Car les fantômes font partie intégrante du pays dans la culture, ce qui permet sans aucun mal de donner une crédibilité à cette histoire tordue de vidéo tueuse. Les jeunes filles évoquent sans détour la vidéo, véritable légende urbaine moderne. Une vidéo, justement sur laquelle repose tout le film et qui, à elle seule, glace le sang. Malgré sa brève durée (une trentaine de secondes), on reste figé par le pouvoir subjectif des images distillées : un cercle renvoyant à une lune ou un puit associé ensuite au regard tueur (l’iris de Sadako devenant un puit sans fond où s’inscrit le mot "Sada"), des gens se tortillant sur une plage, le mot "Irruption" évoquant des chromosomes et habité d’une vie propre, et surtout, l’image pleine de puissance subjective de ce personnage au visage drapé tendant le doigt tandis que l’on ignore s’il se trouve sur terre ou dans l’eau (on ne voit pas ses jambes). Cette seule image, évoquant aussi bien Dieu que la Mort dans un linceul avec un doigt accusateur, permet de saisir toute l’essence de l’œuvre (impossible de ne pas être terrorisé lorsque ce personnage muet apparaît ensuite dans le reflet d’une télé). Bref, la bande vidéo est presque une œuvre à part entière, suscitant réflexion et interrogations (certaines images trouvant une explication par la suite) mais aussi une terreur sourde, insidieuse.
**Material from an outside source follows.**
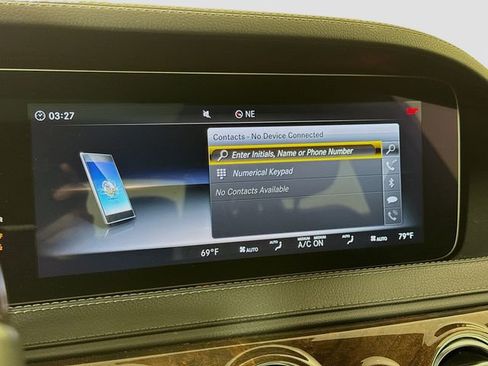 Used 2018 Mercedes-Benz S 560 4MATIC Sedan w/ Premium Package image 22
RING d'Hideo Nakata (1998) Ring est donc une œuvre matrice dans le cinéma japonais, croisant légendes et modernité, invitant à une réflexion sur le rapport à l’image, jouant des peurs ancestrales et fermement ancrées dans la culture japonaise (le fantôme aux cheveux noirs, l’eau…). Un film terrifiant et incontournable lançant une mythologie qui deviendra peu à peu confuse mais toujours intrigante. A l’image du dénouement qui, bien que surprenant, soulève de nombreuses interrogations sans vraiment paraître cohérent avec le reste de l’énigme (laquelle n’est finalement pas du tout résolue).